Лесом его можно назвать условно; возможно, когда-то здесь был настоящий лес (каково было в настоящем лесу юному лешему Лёвушке?), теперь это редкий прозрачный пролесок, который перешагиваешь в одну минуту, и тебя встречает знакомое, прямо взятое с репродукции (Шишкин? Куинджи? Шишкин!) поле. Оно круглится на опадающем склоне холма, и, кроме этой ровной округлости, в очередной раз напоминающей, что под ногами планета, фигура, метафизически самостоятельная, что Ясная Поляна есть навершие странной планеты, — кроме этого геометрического сообщения, в поле нет ничего примечательного.
Я развернулся и попытался возвратиться на вершину холма по узкой проселочной дороге, разделяющей лес и поле, — как бы не так! Рыжая от глины дорога была не просто скользкой, она текла вниз подвижной лентой. И я поплыл вниз, едва ступив на нее. Это напоминало упражнение на дорожке тренажера: я поднимал и переставлял вперед левую ногу, а в это время правая, на которую я опирался, съезжала вниз на расстояние шага. Так, вхолостую, я прошагал с минуту, не тронувшись с места. Остановился — и повлекся вниз, в сырую бездну.
Как тут скользко, однако!
Между тем над головой сияло солнце, дождя не было и в помине — откуда здесь столько воды?

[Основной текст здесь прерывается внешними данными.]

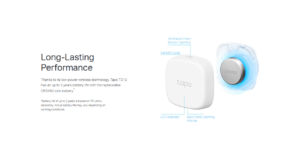 Tapo T310 | Smart Temperature & Humidity Sensor - Image 2
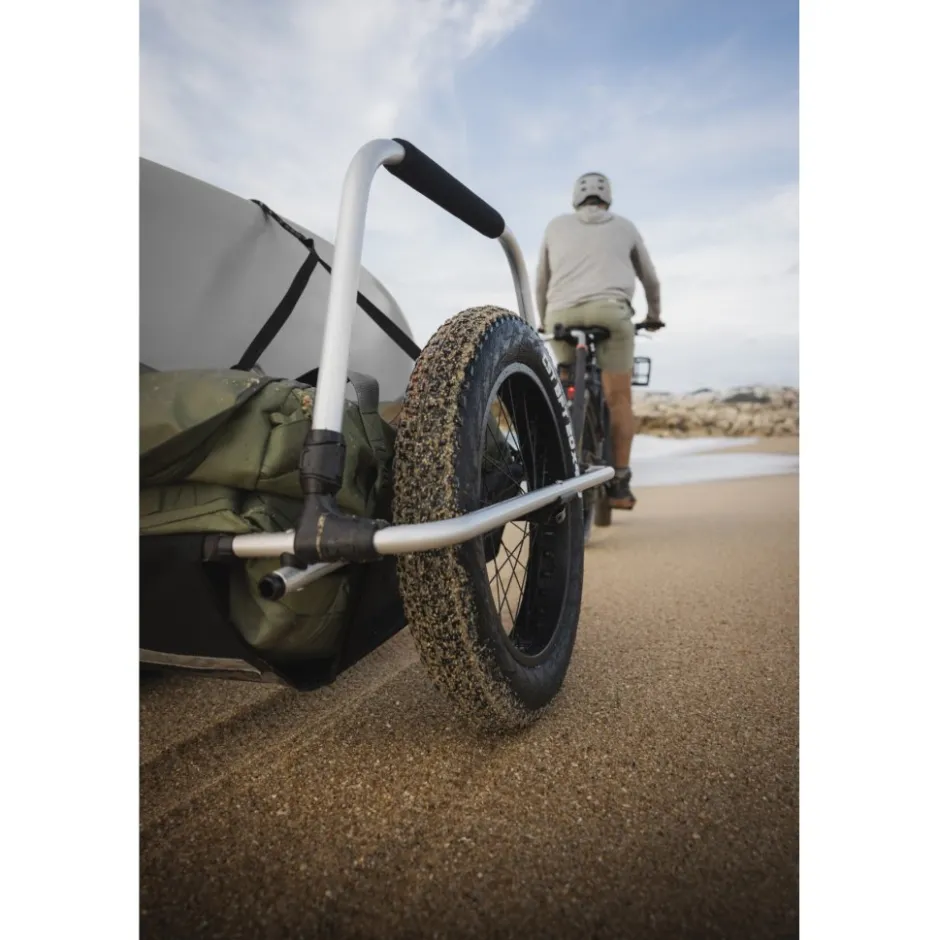 Bagagekarren < Thule Reacha Sport Beach Fietskar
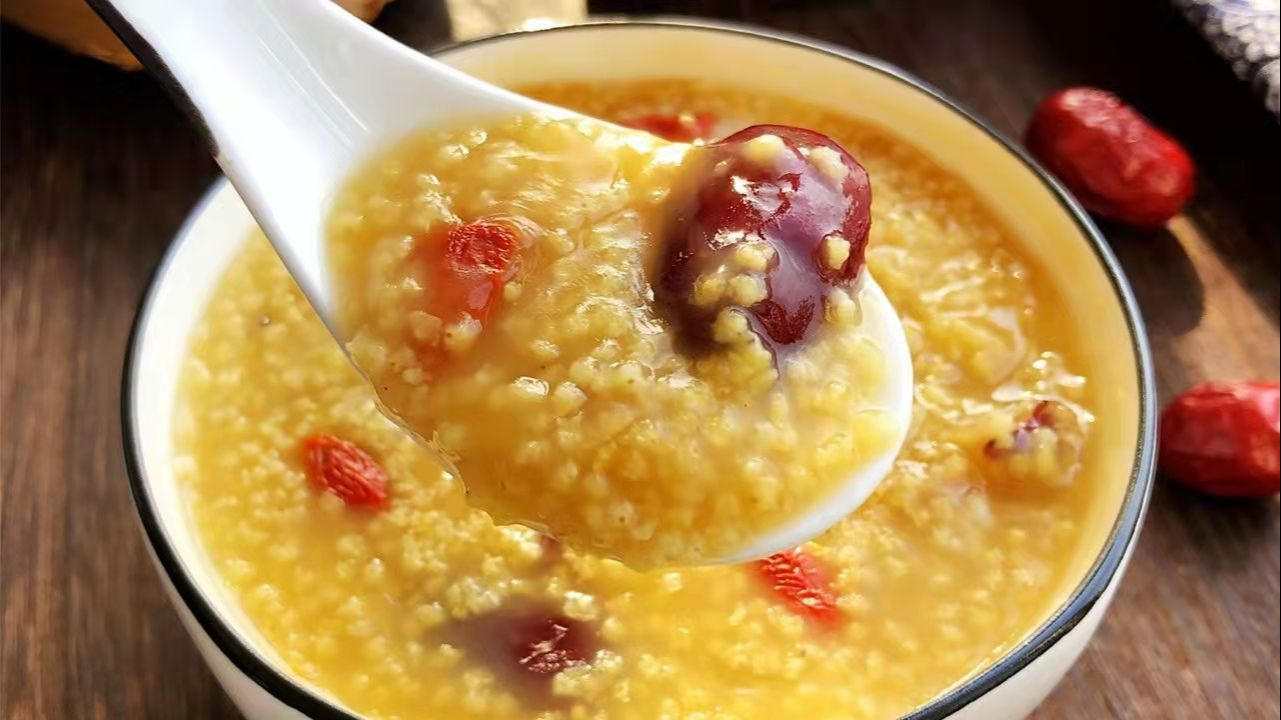 Millet Porridge - "My Culinary Essay Collection"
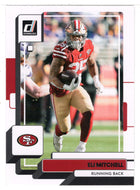 Eli Mitchell - San Francisco 49ers (NFL Football Card) 2022 Donruss # 26 Mint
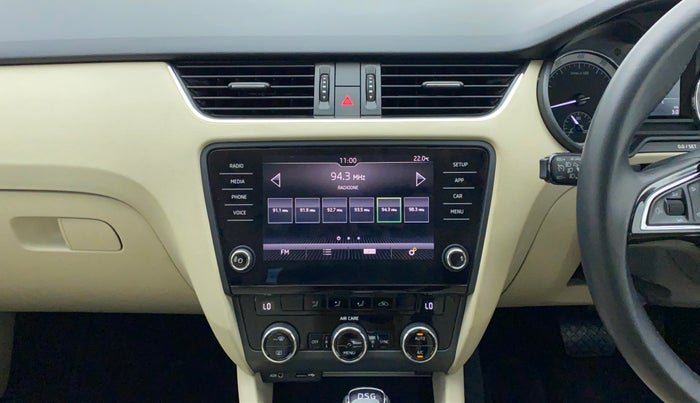 2017 Skoda Octavia 1.8 TSI STYLE AT, Petrol, Automatic, 14,042 km, Air Conditioner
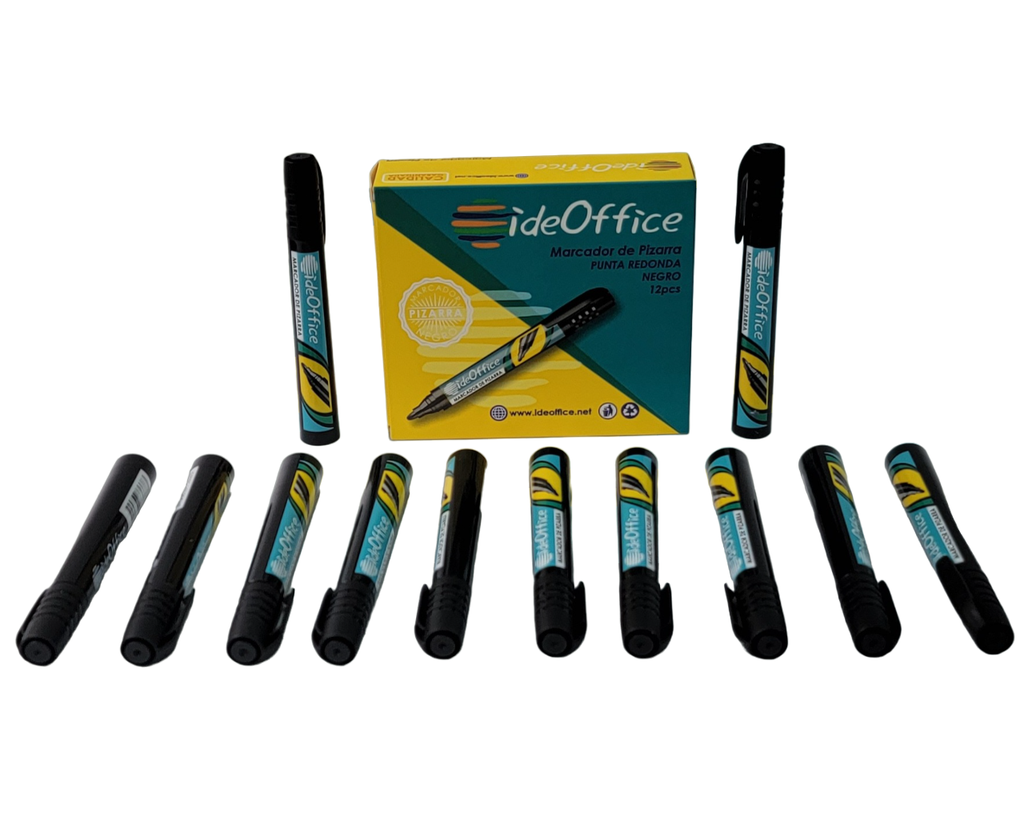 MARCADOR DE PIZARRA NEGRO IDEOFFICE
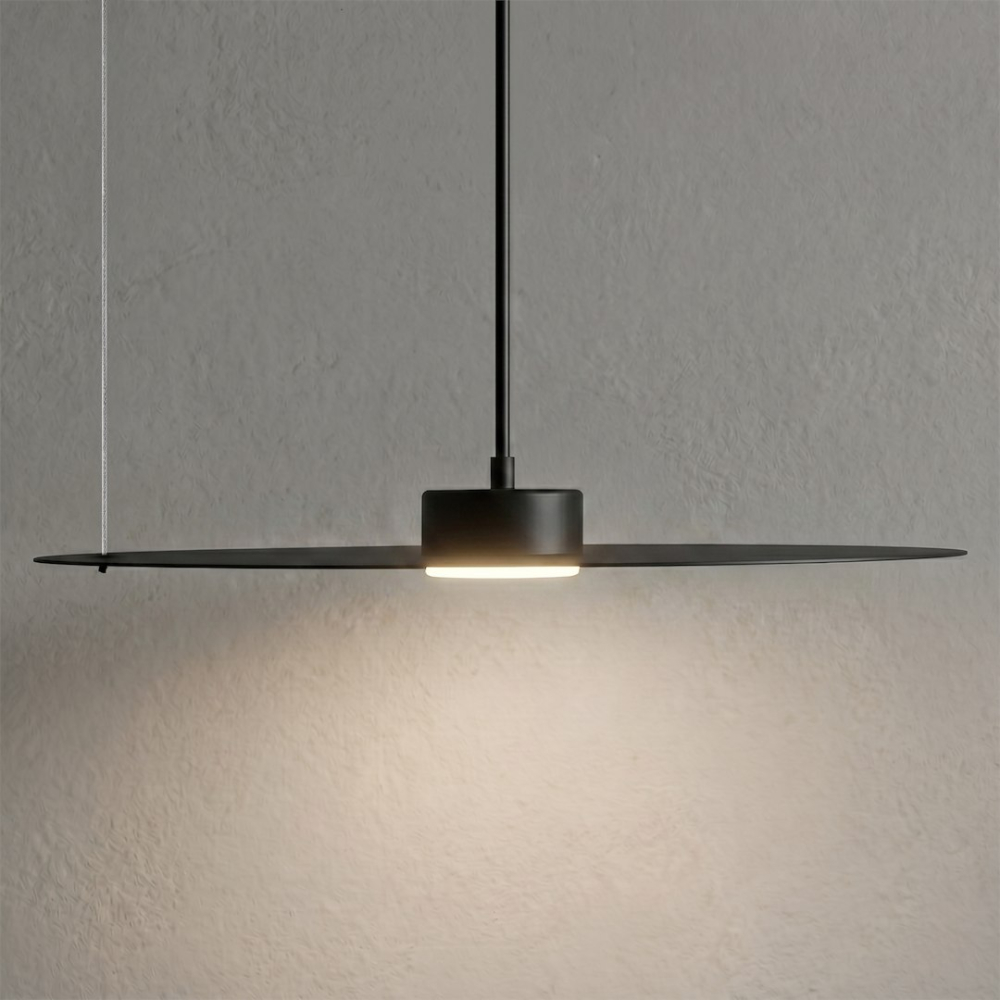 Lampă suspendată PIATTO Neagră 1xGX53 45 cm [5]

Сам этот холм проникнут влагой от основания до вершины. Я вспомнил, как, идучи на север через прозрачный полулес, набрел на колодец и затем еще на несколько труб с ржавыми концами — из труб, не переставая, лилась вода. Яснополянский холм есть водяная линза, только не явленная непосредственно в виде подземного озера (я не знаю здешней геологии), но существующая «растворенно» в зыбкой почве. Стоит ткнуть в нее пальцем или вот такой за ржавою трубой, тотчас польется вода.

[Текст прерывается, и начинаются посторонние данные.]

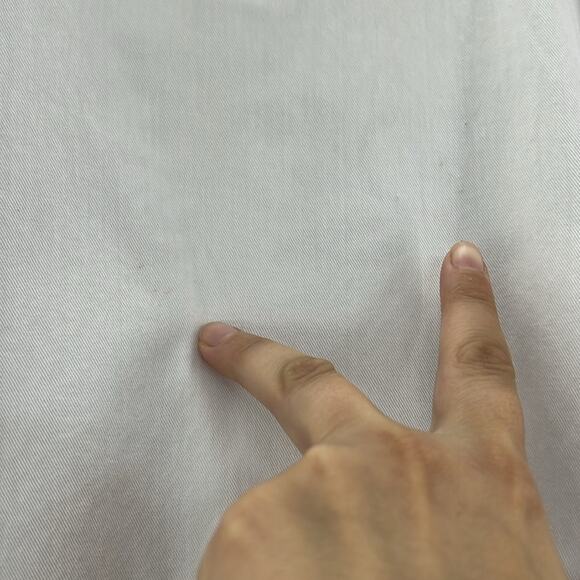 Vintage Crazy Shirtz Maui Hawaiian White Long Sleeve Pockets Shirt S Made In USA - Picture 15 of 15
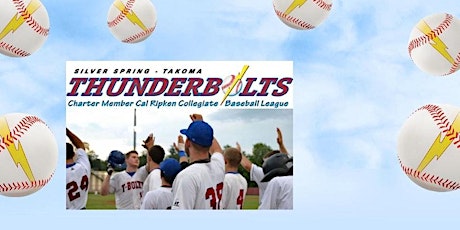 Celebrate The Start of Summer Baseball with the Thunderbolts 2023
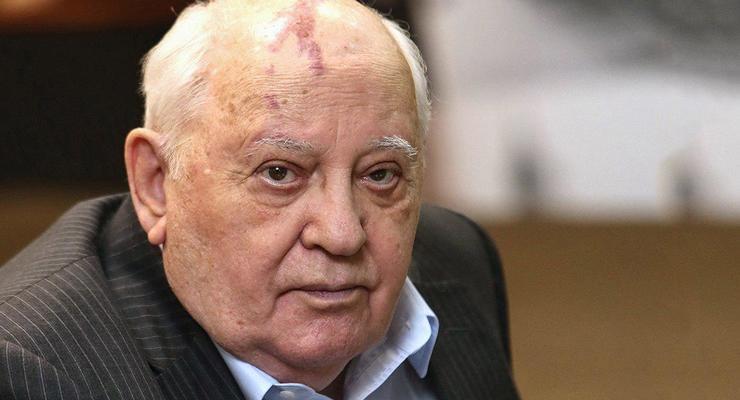 Последний Генсек СССР Горбачев в больнице, у него воспаление легких
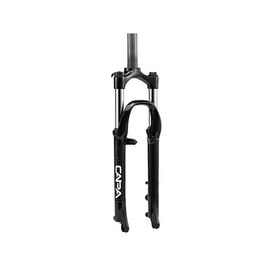 Вилка велосипедная RST Capa ML, 26"х 28,6, пружинно-эластомерная, V+D, черная, 1-0023, изображение  - НаВелосипеде.рф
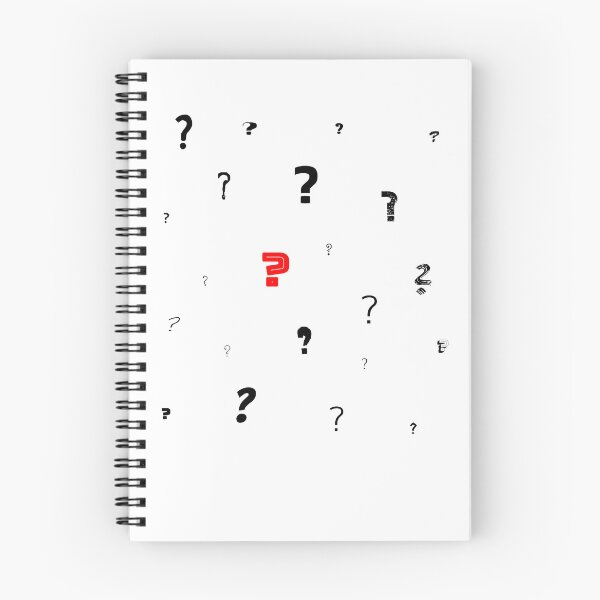 Item preview, Question Mark Mystery Symbol Funny Design designed and sold by Buli89.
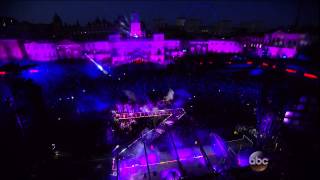 Muse - Follow Me (London Live - Kimmel 2013)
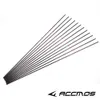 Arco Flecha 6/12pc 33 polegadas ID 6.2mm Espinha 250 300 350 400 500 600 700 800 Hastes de Flecha de Carbono Puro DIY Flecha Arco e Flecha para Caça com ArcoHKD230626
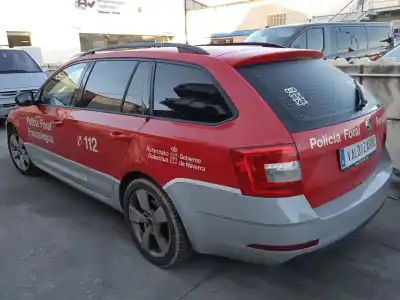 Утилизация автомобиля skoda octavia iii combi (5e5, 5e6) 2.0 tdi 4x4 года 2017 питание crm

Это предположение, разумеется, продолжаю я размышлять, съезжая по холму нелепым обелиском, но если в нем есть хоть немного правды, то этот холм обладает потенцией колдовского места. Дохристианские верования всегда были затворены на воде; культовые, обрядовые места располагались непременно близ воды, над источниками, безошибочно указывая подземные скопления влаги или вот такие явные или растворенные водные линзы. Вот она, «вещая» вода, действие которой я испытал на севере, которая дотянулась и сюда, на юг подводным (праисторическим) финским током. Она подстилает, проваливает во времени княжеский холм Ясной.
Вдруг я вспомнил про Алпатыча, незаметного героя «Войны и мира», лысогорского управляющего, старого слугу старого князя. Крестьяне считали его колдуном: так, как будто посмеиваясь, пишет Толстой, Алпатыч, по мнению крестьян, видел под землей воду; этой мистической способностью он цепенил воображение суеверных крестьян. Неизвестно, был ли он колдуном в самом деле, Толстой пишет только о том, как хладнокровно он пользовался этим своим влиянием, приводя народ к повиновению, а также в воспитательных целях[25].
Толстой не зря делает этот акцент. Сам он, взрослый, большой Толстой, может сколько угодно иронизировать над артистическими уловками Алпатыча, но другой Толстой, Лёвушка, помнит: здесь,
Я был прав: здесь истинно Лёвушкино место.